Recensione, LA COLPA di Lorenza Ghinelli

È tempo di rispolverare le vecchie letture e di pubblicare le recensioni.  È tempo di uscire dal letargo anche se con questo freddo... ci entrerei volentieri!

La Colpa di Lorenza Ghinelli

| Newton Compton Editori | pag. 256 |


Voto:

"Non bastano quintali di vita a murare il passato."

Indorare la pillola, filtrare gli eventi, censurare i pensieri dei personaggi per rendere una storia meno forte, ma alla portata di tutti, significa, in parte, nascondere la verità. Ed è una cosa che Lorenza Ghinelli non fa. Mai. Lorenza ti toglie le mani dagli occhi, ti impedisce di coprirti le orecchie, e poi, con le parole, ti falcia, perché se non sai tutto, ma proprio tutto, allora non puoi affrontarlo un suo romanzo, non saresti in grado di capirlo fino in fondo.
Io credo di averli capiti fin troppo bene Estefan e Martino, i protagonisti de La Colpa, due ragazzi di diciannove anni, migliori amici, con un trauma che non può finire semplicemente nel dimenticatoio. In modi diversi hanno visto morire la loro infanzia. Gliel'hanno uccisa, strappata, fatta a pezzi.
Estefan ha perso improvvisamente l'amore dei suoi genitori. Non aveva nemmeno dieci anni quando ha dovuto dire addio ai baci della buonanotte, alle coperte rimboccate e agli abbracci caldi e rassicuranti di mamma.  Estefan prova a dimenticare. Tiene occupata la mente, spedisce il cervello il luoghi in cui la realtà si spacca e si deforma, e va avanti così, tra sogno, follia e realtà.
Martino invece ha un segreto pesante quanto il mondo. Uno di quei segreti che non puoi rivelare o diventerebbe tutto ancora più vero e allora ti si spaccherebbe il cuore.
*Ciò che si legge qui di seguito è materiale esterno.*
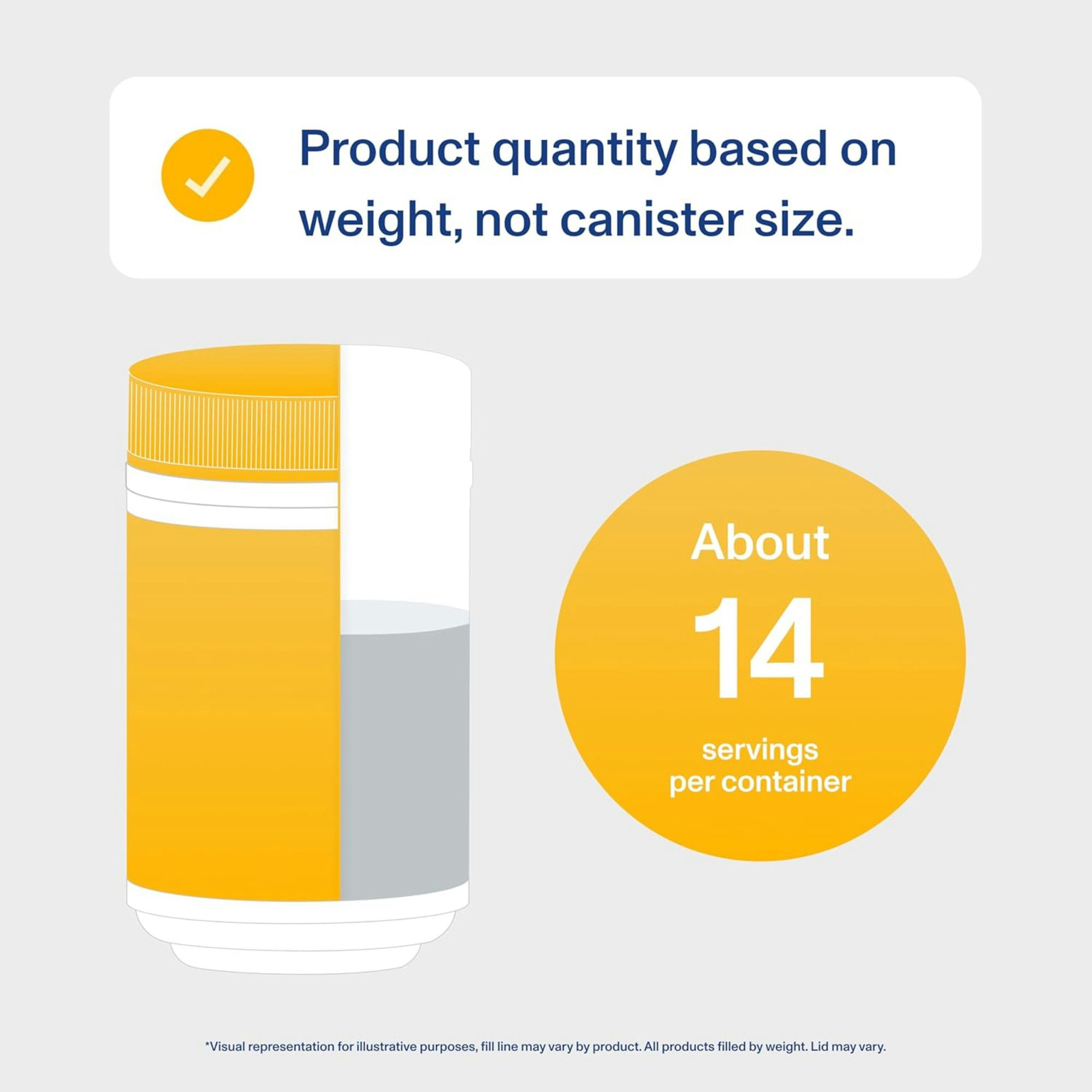 Vital Proteins Collagen Peptides Dietary Supplement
Il male invece va tenuto a bada, va lasciato dormire, magari potesse cadere in coma e non svegliarsi mai più...
Vivono Estefan e Martino, vivono in un quadro che gli adulti hanno sporcato di colpe e silenzi e non ci sono giustificazioni per quello che hanno fatto, eppure Lorenza non ammonisce, non condanna, perché il destino è così, imponderabile e crudele, ma dalle proprie ceneri si può risorgere, quello che non ti uccide spesso ti fortifica.
Finalista al premio Strega nel 2012 (l'anno in cui vinse Inseparabili di Alessandro Piperno), La Colpa è una di quelle storie che sanno di polvere, di terra, di carne e di sudore. È un libro che coinvolge i cinque sensi: lo senti, lo odori, lo tocchi, lo vedi e ha il sapore amaro delle ingiustizie unito a quello pungente della speranza.
Uno dei punti sicuramente più forti del romanzo è lo stile, la Ghinelli ha una penna da cui scrosciano parole difficili da arginare. Ogni capitolo è ansia, ansia e ancora ansia. Nemmeno i thriller hanno un ritmo così sostenuto, con frasi che ti crollano addosso e personaggi che ti si annidano nelle viscere.
Forse non sarà un'autrice per tutti, forse i suoi lati oscuri, quasi morbosi, potranno disturbare le anime più candide della mia, ma io non posso fare a meno di consigliarvela. Tra le voci italiani è una di quelle con le zanne più aguzze e gli artigli più affilati, voi pertanto corazzatevi, al resto penserà lei.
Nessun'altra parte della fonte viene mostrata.